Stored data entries
· · · ·

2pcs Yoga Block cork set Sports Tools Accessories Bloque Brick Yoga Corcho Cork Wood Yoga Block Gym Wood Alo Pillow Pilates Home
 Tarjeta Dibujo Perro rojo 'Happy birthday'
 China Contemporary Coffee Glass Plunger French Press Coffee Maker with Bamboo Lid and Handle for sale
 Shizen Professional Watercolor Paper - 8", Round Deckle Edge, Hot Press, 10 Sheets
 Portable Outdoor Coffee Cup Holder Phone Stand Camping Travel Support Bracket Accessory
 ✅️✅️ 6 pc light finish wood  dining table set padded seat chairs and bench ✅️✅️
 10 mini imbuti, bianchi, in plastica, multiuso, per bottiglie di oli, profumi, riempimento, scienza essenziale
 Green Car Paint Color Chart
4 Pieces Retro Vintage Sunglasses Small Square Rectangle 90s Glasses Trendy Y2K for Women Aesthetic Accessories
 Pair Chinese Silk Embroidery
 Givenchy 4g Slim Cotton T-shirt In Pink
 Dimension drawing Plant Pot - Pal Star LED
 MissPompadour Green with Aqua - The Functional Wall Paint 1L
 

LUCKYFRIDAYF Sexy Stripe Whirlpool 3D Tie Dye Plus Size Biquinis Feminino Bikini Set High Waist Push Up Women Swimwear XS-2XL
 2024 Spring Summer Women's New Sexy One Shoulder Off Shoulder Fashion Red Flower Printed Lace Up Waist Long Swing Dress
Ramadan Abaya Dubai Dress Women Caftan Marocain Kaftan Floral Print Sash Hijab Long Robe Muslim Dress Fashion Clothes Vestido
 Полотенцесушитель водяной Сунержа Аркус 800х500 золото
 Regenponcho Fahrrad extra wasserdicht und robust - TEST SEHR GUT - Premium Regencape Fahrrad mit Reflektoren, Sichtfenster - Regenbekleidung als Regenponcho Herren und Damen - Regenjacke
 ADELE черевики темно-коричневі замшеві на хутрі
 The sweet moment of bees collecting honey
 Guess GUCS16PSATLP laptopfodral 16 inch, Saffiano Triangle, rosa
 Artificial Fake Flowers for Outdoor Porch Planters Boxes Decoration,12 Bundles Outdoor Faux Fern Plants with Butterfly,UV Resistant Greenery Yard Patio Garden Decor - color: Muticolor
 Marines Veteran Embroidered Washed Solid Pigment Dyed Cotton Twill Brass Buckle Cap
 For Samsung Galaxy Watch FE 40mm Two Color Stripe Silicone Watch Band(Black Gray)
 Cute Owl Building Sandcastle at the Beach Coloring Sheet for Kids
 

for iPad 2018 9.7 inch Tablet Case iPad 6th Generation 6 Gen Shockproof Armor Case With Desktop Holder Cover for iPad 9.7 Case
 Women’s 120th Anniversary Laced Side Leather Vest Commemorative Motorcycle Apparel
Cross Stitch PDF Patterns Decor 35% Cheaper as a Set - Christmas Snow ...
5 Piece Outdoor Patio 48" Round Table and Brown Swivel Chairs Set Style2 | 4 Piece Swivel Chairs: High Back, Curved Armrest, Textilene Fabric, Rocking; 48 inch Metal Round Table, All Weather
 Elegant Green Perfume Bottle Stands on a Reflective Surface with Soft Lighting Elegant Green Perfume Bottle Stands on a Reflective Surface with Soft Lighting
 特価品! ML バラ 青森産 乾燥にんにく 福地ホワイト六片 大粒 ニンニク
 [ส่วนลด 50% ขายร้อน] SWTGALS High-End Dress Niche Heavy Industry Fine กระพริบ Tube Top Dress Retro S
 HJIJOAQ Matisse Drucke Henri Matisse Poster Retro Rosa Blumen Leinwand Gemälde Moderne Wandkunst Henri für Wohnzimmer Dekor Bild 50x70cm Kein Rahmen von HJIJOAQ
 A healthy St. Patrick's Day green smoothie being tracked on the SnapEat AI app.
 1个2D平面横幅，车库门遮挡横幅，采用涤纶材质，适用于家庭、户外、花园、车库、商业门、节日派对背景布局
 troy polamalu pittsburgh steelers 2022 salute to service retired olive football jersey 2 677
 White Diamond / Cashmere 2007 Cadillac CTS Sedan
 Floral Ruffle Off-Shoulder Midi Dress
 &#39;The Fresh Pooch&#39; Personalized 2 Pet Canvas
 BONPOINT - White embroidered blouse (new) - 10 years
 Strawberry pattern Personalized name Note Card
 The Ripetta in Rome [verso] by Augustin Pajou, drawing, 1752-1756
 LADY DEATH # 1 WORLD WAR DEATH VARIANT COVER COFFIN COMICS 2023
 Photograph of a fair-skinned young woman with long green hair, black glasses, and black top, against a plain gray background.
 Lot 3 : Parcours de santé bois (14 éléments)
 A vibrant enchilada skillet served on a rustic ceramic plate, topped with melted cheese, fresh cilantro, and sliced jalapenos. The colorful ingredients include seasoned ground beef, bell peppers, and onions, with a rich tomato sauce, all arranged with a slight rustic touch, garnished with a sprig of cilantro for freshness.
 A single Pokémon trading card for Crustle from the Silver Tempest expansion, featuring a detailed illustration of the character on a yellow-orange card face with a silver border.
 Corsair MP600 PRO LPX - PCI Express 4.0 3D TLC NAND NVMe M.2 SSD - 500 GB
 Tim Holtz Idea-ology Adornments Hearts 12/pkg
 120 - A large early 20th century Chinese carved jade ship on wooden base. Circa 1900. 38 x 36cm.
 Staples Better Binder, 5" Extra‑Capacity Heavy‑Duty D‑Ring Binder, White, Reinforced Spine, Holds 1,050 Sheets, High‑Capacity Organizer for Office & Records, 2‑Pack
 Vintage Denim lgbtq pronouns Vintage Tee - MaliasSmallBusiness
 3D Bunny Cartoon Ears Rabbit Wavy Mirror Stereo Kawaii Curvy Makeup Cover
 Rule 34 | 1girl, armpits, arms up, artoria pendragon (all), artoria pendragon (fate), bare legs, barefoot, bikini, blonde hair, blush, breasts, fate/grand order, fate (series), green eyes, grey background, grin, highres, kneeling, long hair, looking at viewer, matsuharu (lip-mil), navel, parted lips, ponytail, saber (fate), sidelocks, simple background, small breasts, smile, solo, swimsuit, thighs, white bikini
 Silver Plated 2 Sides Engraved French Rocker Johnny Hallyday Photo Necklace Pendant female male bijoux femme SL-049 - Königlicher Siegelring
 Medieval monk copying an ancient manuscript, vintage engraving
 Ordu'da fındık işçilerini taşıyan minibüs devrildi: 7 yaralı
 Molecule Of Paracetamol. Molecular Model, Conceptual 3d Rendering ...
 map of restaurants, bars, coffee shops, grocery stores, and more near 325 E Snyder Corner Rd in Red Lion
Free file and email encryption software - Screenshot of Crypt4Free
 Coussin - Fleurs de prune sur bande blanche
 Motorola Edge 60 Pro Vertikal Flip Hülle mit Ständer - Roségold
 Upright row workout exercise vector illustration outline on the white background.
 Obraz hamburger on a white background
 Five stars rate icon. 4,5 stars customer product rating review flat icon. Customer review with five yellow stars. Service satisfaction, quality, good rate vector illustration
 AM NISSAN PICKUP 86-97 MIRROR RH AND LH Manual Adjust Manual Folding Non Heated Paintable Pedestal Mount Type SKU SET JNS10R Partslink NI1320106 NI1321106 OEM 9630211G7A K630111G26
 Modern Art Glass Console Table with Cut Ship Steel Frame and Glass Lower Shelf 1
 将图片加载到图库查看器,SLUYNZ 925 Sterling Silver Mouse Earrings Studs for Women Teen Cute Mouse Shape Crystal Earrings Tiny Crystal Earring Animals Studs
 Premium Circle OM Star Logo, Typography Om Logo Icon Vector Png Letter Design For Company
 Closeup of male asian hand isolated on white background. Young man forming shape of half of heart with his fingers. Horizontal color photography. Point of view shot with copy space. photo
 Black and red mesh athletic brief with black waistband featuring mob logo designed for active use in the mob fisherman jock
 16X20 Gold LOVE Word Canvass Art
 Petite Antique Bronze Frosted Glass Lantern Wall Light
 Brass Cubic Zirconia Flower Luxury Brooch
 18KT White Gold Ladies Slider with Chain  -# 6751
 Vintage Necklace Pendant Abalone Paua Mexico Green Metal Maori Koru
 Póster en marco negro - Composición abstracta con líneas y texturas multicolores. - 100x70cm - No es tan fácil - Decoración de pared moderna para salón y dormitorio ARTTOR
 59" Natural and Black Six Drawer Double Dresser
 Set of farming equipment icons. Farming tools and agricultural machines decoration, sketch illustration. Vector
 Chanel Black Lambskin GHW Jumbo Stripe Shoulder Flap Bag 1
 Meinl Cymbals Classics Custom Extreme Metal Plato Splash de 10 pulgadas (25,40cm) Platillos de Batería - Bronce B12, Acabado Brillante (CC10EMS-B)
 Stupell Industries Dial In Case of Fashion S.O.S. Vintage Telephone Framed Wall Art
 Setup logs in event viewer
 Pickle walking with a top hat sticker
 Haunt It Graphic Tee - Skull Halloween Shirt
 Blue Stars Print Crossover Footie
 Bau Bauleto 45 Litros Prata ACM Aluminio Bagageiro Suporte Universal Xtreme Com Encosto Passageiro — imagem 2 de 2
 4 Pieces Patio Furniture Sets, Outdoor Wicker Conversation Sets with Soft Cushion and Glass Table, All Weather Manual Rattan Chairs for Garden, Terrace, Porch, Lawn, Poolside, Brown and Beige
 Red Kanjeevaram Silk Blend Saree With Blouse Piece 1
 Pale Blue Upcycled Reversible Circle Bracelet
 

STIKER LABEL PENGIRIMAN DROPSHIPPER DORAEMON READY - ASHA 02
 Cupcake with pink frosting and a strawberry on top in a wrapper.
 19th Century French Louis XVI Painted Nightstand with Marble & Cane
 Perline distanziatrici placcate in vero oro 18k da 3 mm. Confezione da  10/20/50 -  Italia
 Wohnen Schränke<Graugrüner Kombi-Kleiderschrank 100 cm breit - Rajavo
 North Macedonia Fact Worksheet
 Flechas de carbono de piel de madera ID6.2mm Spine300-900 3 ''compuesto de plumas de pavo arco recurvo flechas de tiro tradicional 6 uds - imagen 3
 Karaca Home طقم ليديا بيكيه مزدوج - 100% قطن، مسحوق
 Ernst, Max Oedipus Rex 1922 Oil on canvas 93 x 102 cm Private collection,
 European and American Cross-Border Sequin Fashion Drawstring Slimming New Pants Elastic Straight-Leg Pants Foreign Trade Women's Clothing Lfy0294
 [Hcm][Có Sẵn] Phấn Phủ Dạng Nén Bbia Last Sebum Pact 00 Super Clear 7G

· · · ·

• What to do:
From the line holding "Petite Antique Bronze" to the line holding "Perline distanziatrici placcate", inclusive, restate each line above exactly as written.

• Output for this exercise:
 Petite Antique Bronze Frosted Glass Lantern Wall Light
 Brass Cubic Zirconia Flower Luxury Brooch
 18KT White Gold Ladies Slider with Chain  -# 6751
 Vintage Necklace Pendant Abalone Paua Mexico Green Metal Maori Koru
 Póster en marco negro - Composición abstracta con líneas y texturas multicolores. - 100x70cm - No es tan fácil - Decoración de pared moderna para salón y dormitorio ARTTOR
 59" Natural and Black Six Drawer Double Dresser
 Set of farming equipment icons. Farming tools and agricultural machines decoration, sketch illustration. Vector
 Chanel Black Lambskin GHW Jumbo Stripe Shoulder Flap Bag 1
 Meinl Cymbals Classics Custom Extreme Metal Plato Splash de 10 pulgadas (25,40cm) Platillos de Batería - Bronce B12, Acabado Brillante (CC10EMS-B)
 Stupell Industries Dial In Case of Fashion S.O.S. Vintage Telephone Framed Wall Art
 Setup logs in event viewer
 Pickle walking with a top hat sticker
 Haunt It Graphic Tee - Skull Halloween Shirt
 Blue Stars Print Crossover Footie
 Bau Bauleto 45 Litros Prata ACM Aluminio Bagageiro Suporte Universal Xtreme Com Encosto Passageiro — imagem 2 de 2
 4 Pieces Patio Furniture Sets, Outdoor Wicker Conversation Sets with Soft Cushion and Glass Table, All Weather Manual Rattan Chairs for Garden, Terrace, Porch, Lawn, Poolside, Brown and Beige
 Red Kanjeevaram Silk Blend Saree With Blouse Piece 1
 Pale Blue Upcycled Reversible Circle Bracelet
 

STIKER LABEL PENGIRIMAN DROPSHIPPER DORAEMON READY - ASHA 02
 Cupcake with pink frosting and a strawberry on top in a wrapper.
 19th Century French Louis XVI Painted Nightstand with Marble & Cane
 Perline distanziatrici placcate in vero oro 18k da 3 mm. Confezione da  10/20/50 -  Italia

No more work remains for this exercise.